Virginia House ends secrecy in committee votes
By Adam Hamza
Capital News Service
Advocates for government transparency are applauding the Virginia House of Delegates for ending its practice of allowing committees and subcommittees to kill legislation on unrecorded voice votes.
In adopting rules for the legislative session that began Wednesday, the House voted unanimously to require panels to record who votes how.
“A recorded vote of members of a committee or subcommittee shall be taken and the name and number of those voting for, against, or abstaining shall be taken upon each measure,” according to the chamber’s new rules, introduced by Delegate Todd Gilbert, R-Shenandoah.

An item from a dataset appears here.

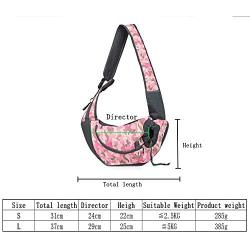 PETEMOO Pet Sling Carrier Bag, Hand-Free Dog Cat Outdoor Travel Shoulder Bag with Adjustable Strap& Zipper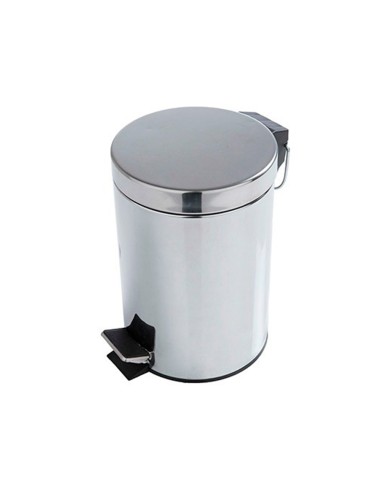 Papelera metalica q connect con pedal cromada 32x21 cm capacidad 6 litros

In addition to recorded votes, the new rules provide for more proportional representation on committees and require live-streaming and archiving of committee hearings.
In the past, many bills were approved or rejected at the committee and subcommittee level on voice votes alone. This made it was impossible to know which delegates voted against or for a particular bill.

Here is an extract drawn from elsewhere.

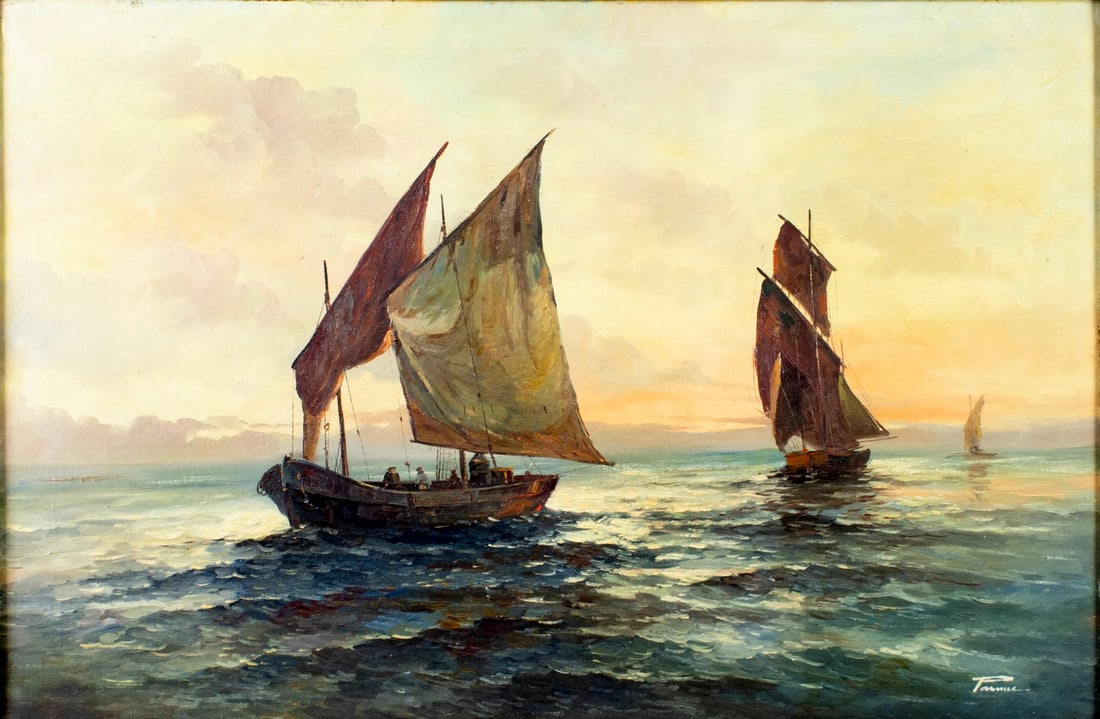 Vintage mid 20C European oil painting signed (1 of 12)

Sen. Amanda Chase, R-Chesterfield, and Delegate Mark Levine, D-Alexandria, who founded the Virginia Transparency Caucus, praised the rule change as a major step forward for Virginia.

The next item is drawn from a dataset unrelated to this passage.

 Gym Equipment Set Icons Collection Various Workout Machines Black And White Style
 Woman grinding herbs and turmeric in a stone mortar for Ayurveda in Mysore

“This is a victory for transparency and open government for the people of the commonwealth,” Chase said. Levine agreed.
“By having these votes recorded, members will now be responsible for all legislative actions they take. No more will bills be killed in secret without any accountability,” he said.
Megan Rhyne, executive director of the Virginia Coalition for Open Government, commended the move. After the change was announced, Rhyne wrote in an email: “Good work from the House leadership!”
Betsy Edwards, executive director of the Virginia Press Association, echoed that sentiment. “Everyone needs to know how decisions are made,” she said.
Democrats blamed Republicans for the past secrecy.
“For years, House Republicans have killed critical pieces of progressive legislation through unrecorded voice votes,” House Democratic Leader David Toscano of Charlottesville and Caucus Chair Charniele Herring of Alexandria said in a joint statement. “That era is over, and we welcome a new era of accountability and governance that is more reflective of last year’s election results.”
Democrats picked up 15 House seats in November. As a result, Republicans have only a 51-to-49 majority in that chamber.
Republican leaders acknowledged that the makeup of the House was a factor in changing the rules.
Gilbert said the new rules “reflect the new composition of the House chamber, as well as several new transparency initiatives we are proud to champion.”
Delegate Ben Cline, R-Rockbridge, said he is proud that the House changed the rules.
“The work we do as public servants should always be open and accessible to an informed citizenry,” he said. “I have always advocated for recorded votes.”
Last year, Cline sponsored a bill to require recorded votes in committees and subcommittees. It died in the House Rules Committee — on an unrecorded vote.